Assignment: Every line from the first one in the data below through the line holding "Dusan Milosavljevic 1982" is to be written out exactly, with the pictures omitted.

#### Data extract

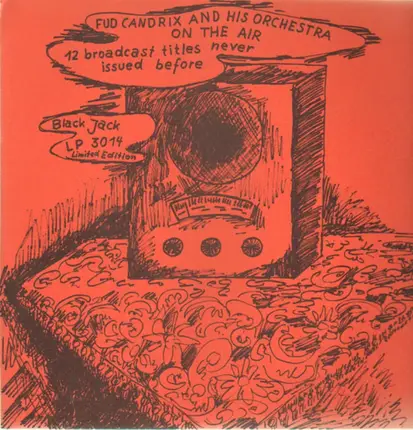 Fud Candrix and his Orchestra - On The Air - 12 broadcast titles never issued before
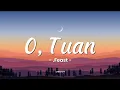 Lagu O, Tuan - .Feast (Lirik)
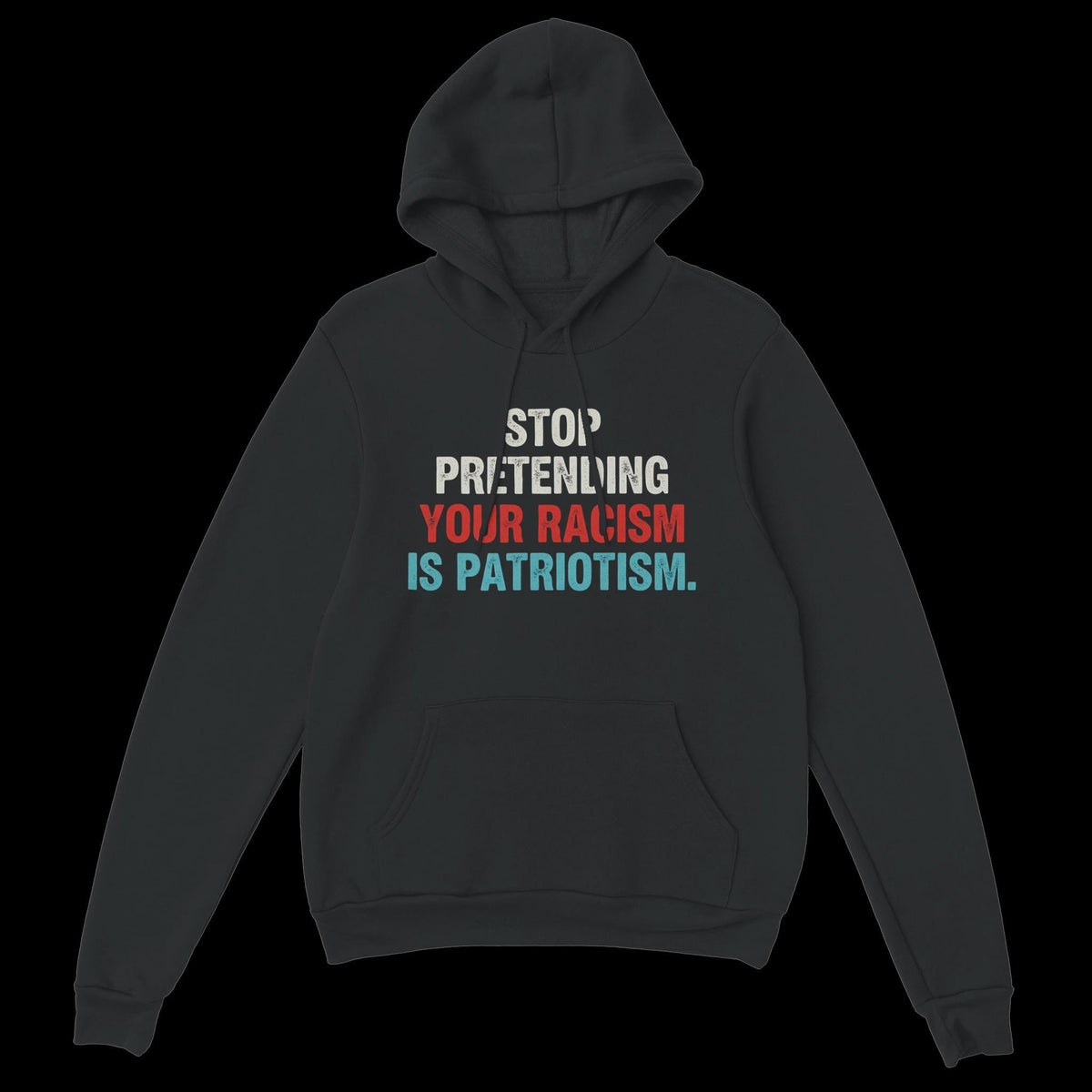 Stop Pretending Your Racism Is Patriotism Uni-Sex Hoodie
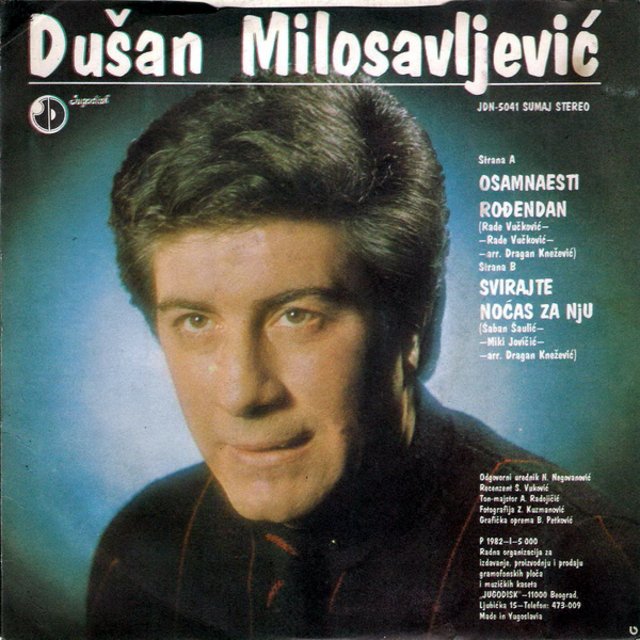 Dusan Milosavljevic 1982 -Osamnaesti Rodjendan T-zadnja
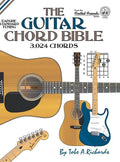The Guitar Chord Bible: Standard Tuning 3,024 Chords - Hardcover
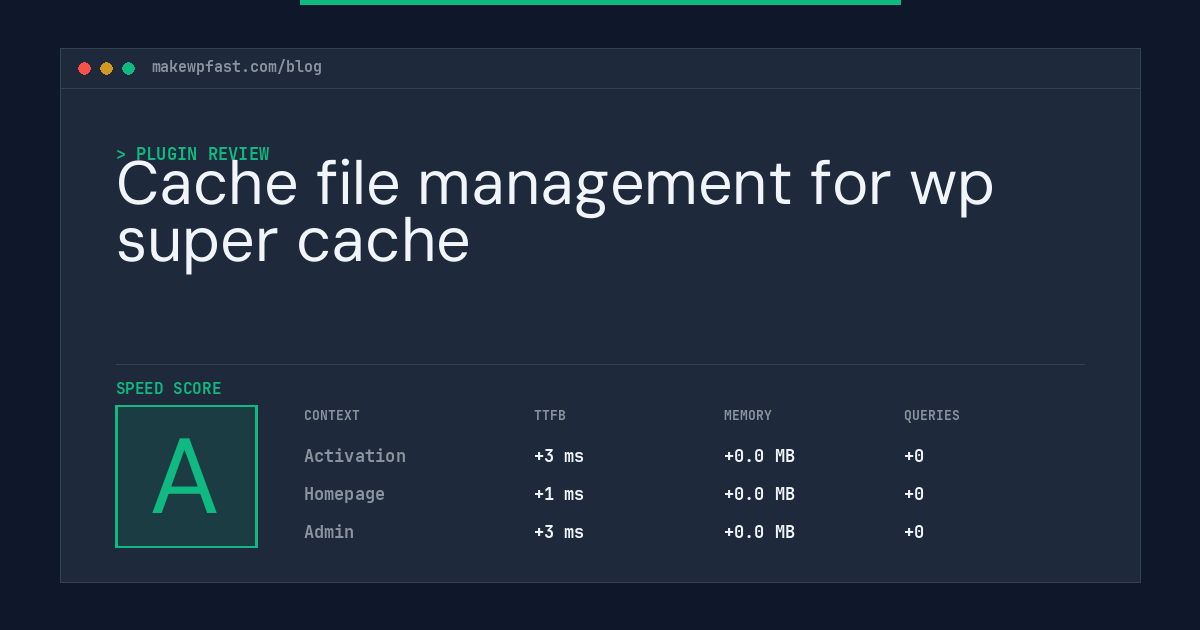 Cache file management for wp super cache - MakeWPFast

########

Output for this exercise:
 Fud Candrix and his Orchestra - On The Air - 12 broadcast titles never issued before
 Lagu O, Tuan - .Feast (Lirik)
 Stop Pretending Your Racism Is Patriotism Uni-Sex Hoodie
 Dusan Milosavljevic 1982 -Osamnaesti Rodjendan T-zadnja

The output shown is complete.